Roundup Rodeo
The Story of Glyphosate from an Old Cowpoke
1. Opening the Gates: Welcome to the Chemical Rodeo
There’s a particular kind of dust that hangs in the air at a county fair rodeo. It’s not the soft, powdery kind that drifts off a gravel road or the gentle puff that rises when a kid jumps off a hay bale. No, this is the gritty, throat coating, eye watering haze that rises when a thousand boots, hooves, and expectations churn the arena into a fine particulate soup. It’s the kind of dust that sticks to your teeth and makes you wonder whether you’re inhaling soil, manure, or the pulverized dreams of last year’s rodeo champion.
Tonight, the loudspeaker crackles. The crowd leans forward. The announcer’s voice booms with the kind of theatrical bravado usually reserved for monster truck rallies, political conventions, or the ringmaster at the circus. “Ladies and gentlemen, welcome to the Fifty Year Glyphosate Roundup—brought to you by Bayer, formerly Monsanto, because nothing says family fun like a multinational corporation with a legal department the size of the Montana Sky!”

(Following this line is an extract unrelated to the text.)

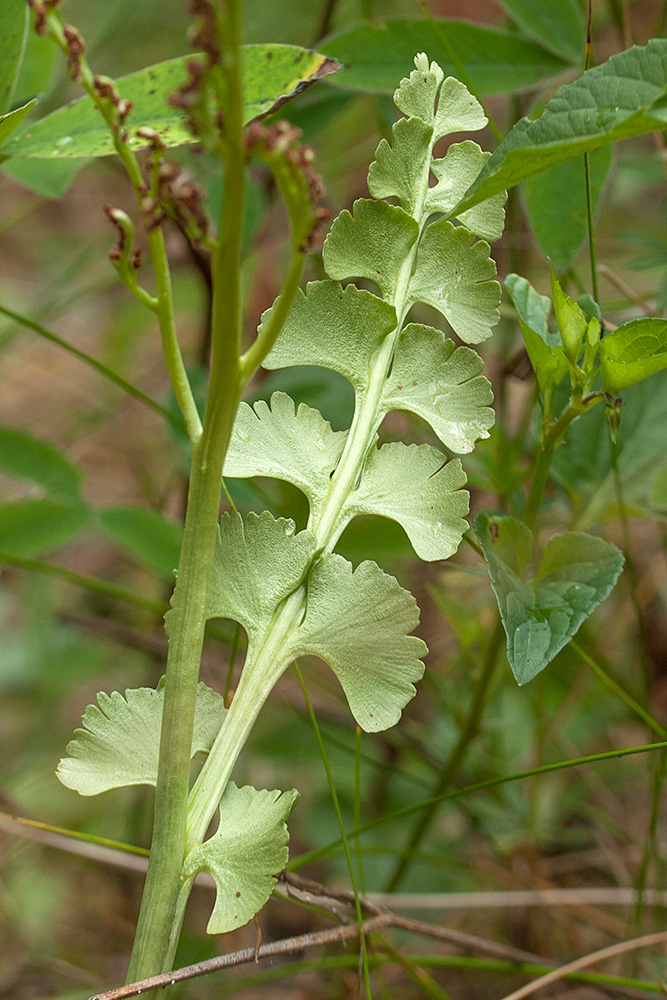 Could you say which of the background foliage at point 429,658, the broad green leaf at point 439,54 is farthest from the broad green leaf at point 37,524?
the broad green leaf at point 439,54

The crowd cheers—or maybe they cough—hard to tell. In the chute, the star attraction paws the ground. Glyphosate, the reigning champion of American herbicides, the chemical cowboy that rode into town in the 1970s and never left. The bronc that promised farmers an easy eight second ride and ended up staying on the circuit for half a century.
This isn’t just a rodeo. It’s a chemical showdown, a pesticide roundup where the cowboys aren’t ranch hands but lawyers, regulators, scientists, and farmers. The stakes aren’t belt buckles or bragging rights—they’re human health, soil health, public trust, and the future of American agriculture. And the bull? The bull is liability. The bull is resistant weeds. The bull is the truth. And the bull is pissed.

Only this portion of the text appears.